[Captioned web images]
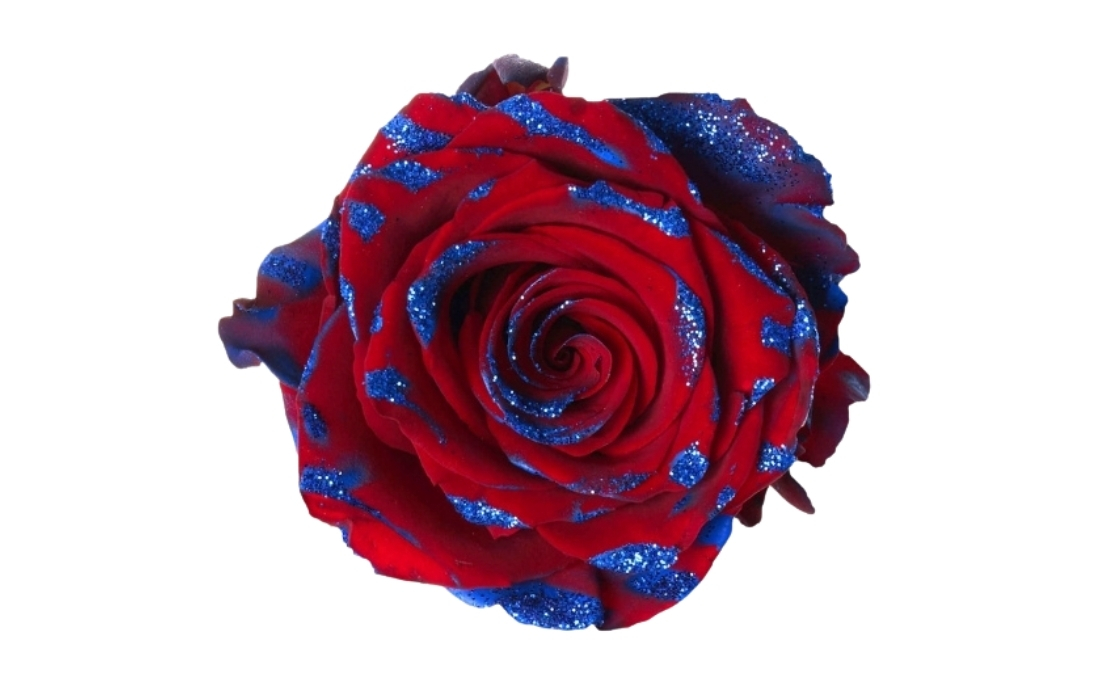 Patriotic Glitter bunch1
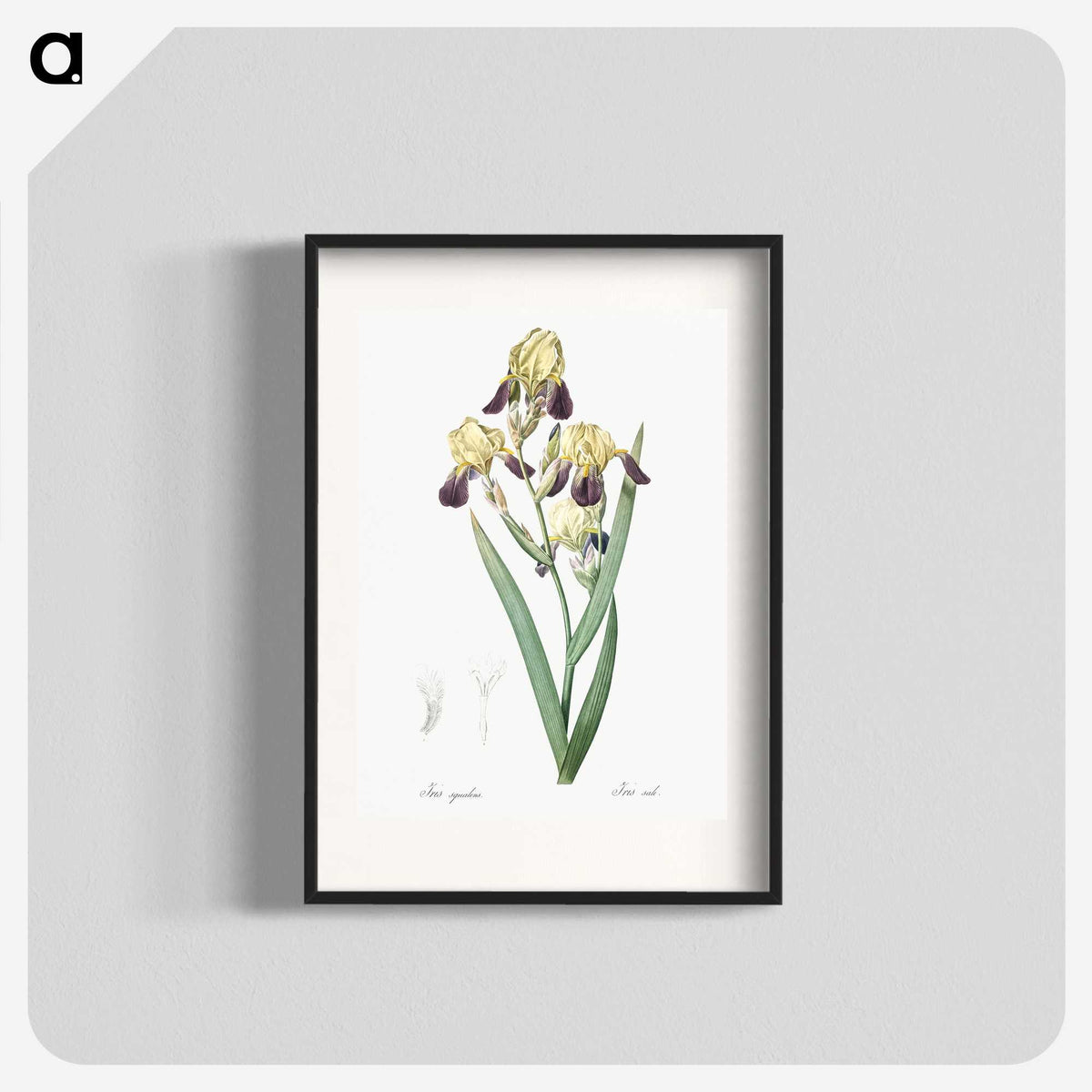 1-84_The-Lilies_blk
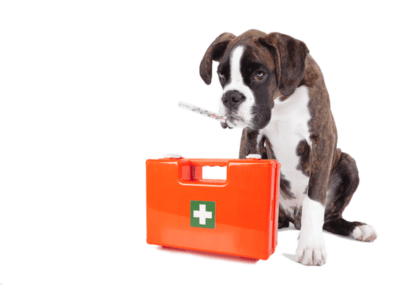 Dog First Aid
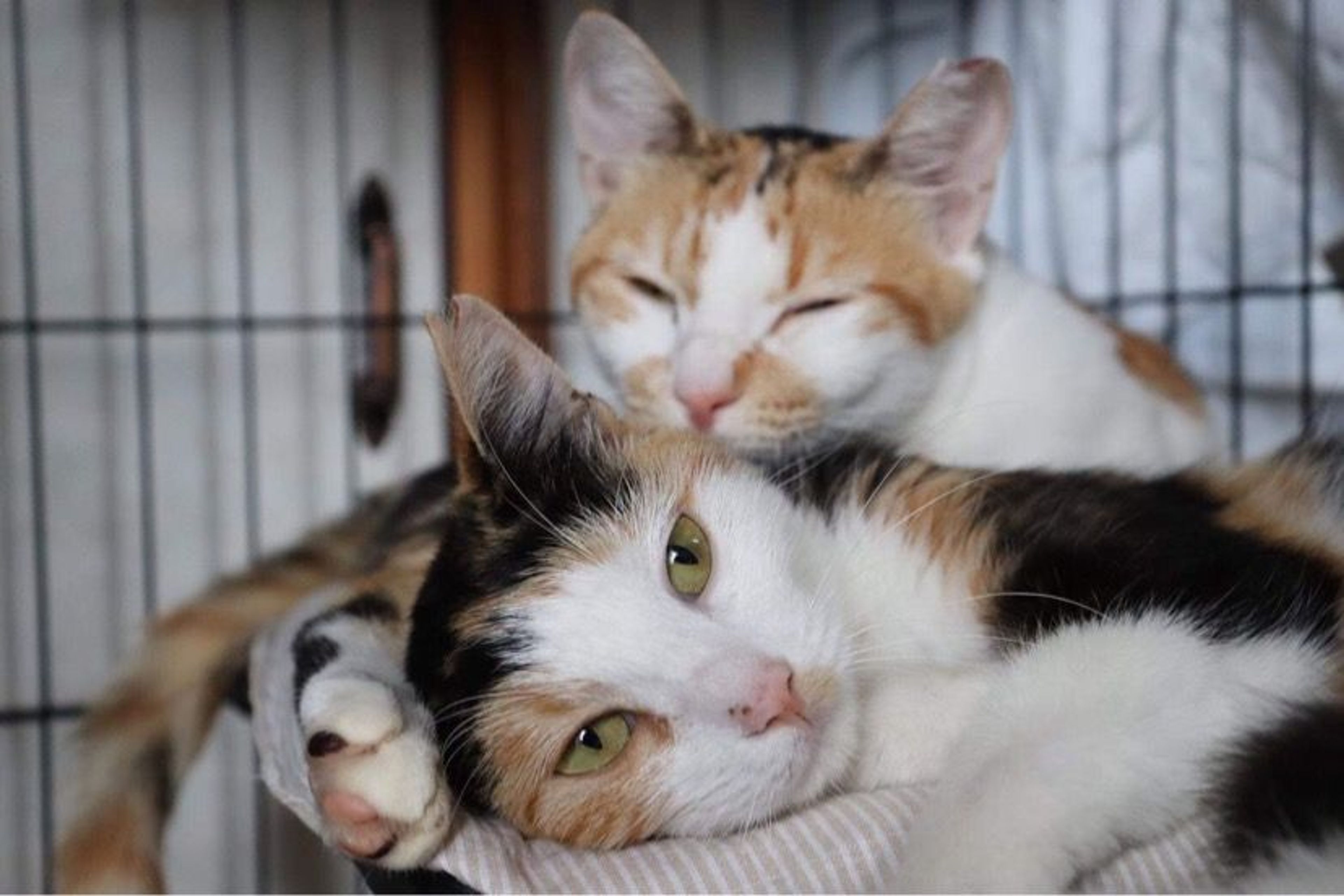 雑種（ミックス猫）・メスの里親募集の写真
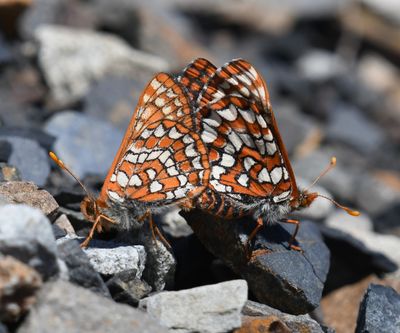 Anicia Checkerspot: Euphydryas anicia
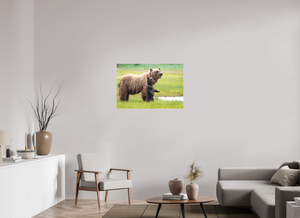 Standing Tall, Alaskan Coastal Brown Bear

▶ Work required:
Restate every line of the data above word for word, with the images removed.

▶ Result of this task:
 Patriotic Glitter bunch1
 1-84_The-Lilies_blk
 Dog First Aid
 雑種（ミックス猫）・メスの里親募集の写真
 Anicia Checkerspot: Euphydryas anicia
 Standing Tall, Alaskan Coastal Brown Bear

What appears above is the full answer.